Problem
Copy, word for word, the lines of the listing below from the line with "74g Natural Irregular" up to and including the line with "550 PIANO TERRA". Drop the pictures.

Data records
__________________________________________________

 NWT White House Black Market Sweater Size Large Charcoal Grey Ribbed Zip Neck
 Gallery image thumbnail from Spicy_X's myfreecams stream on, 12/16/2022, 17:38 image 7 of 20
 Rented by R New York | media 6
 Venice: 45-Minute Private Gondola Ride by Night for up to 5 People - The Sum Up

__________________________________________________

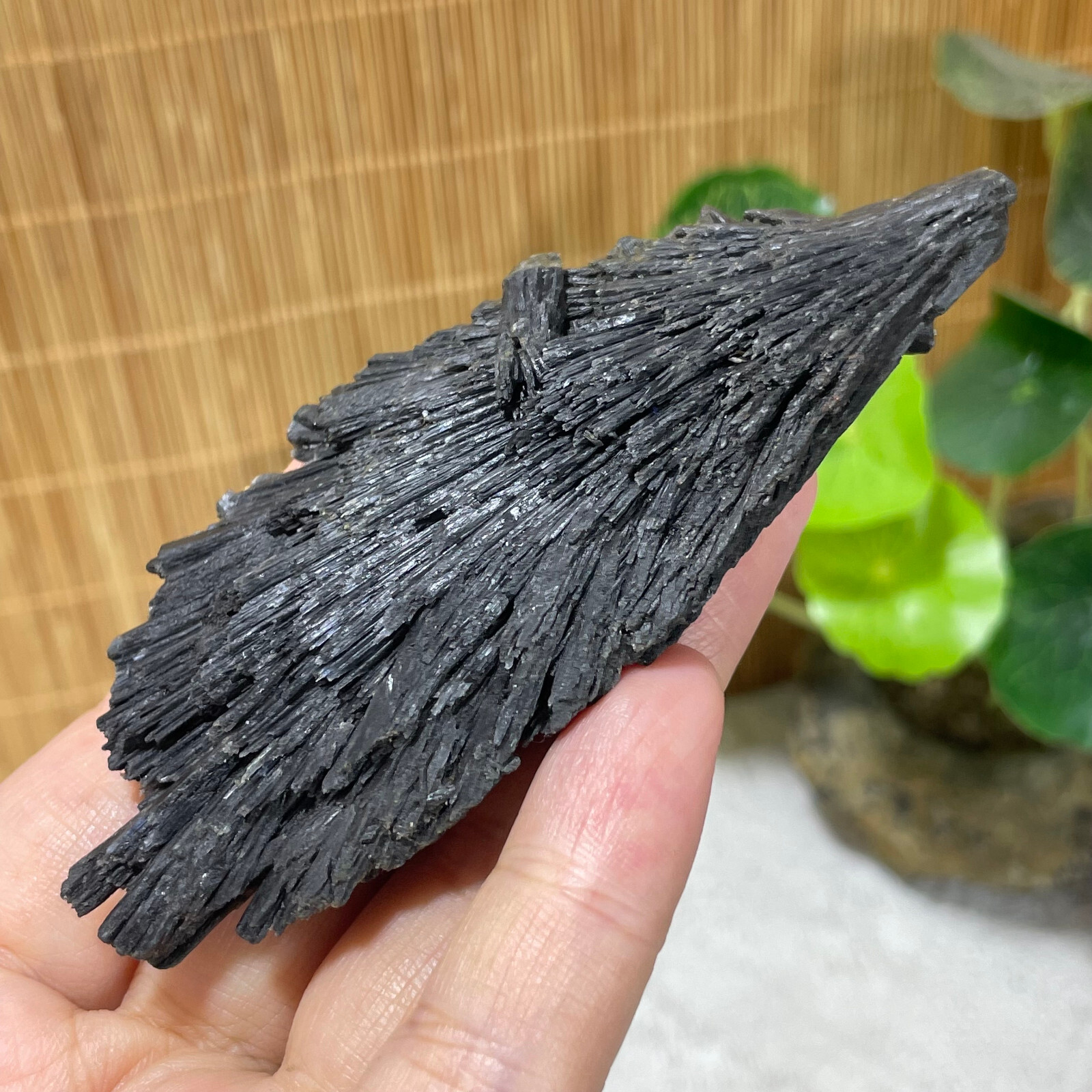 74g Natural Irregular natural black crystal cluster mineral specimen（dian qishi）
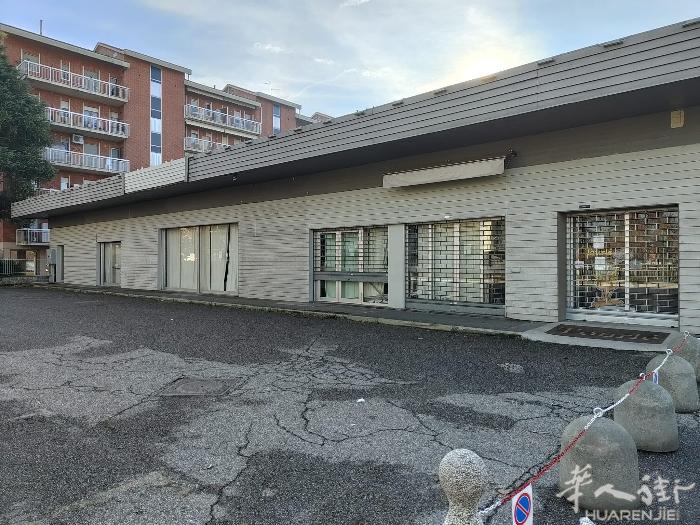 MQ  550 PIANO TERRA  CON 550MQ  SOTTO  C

__________________________________________________

Written solution
 74g Natural Irregular natural black crystal cluster mineral specimen（dian qishi）
 MQ  550 PIANO TERRA  CON 550MQ  SOTTO  C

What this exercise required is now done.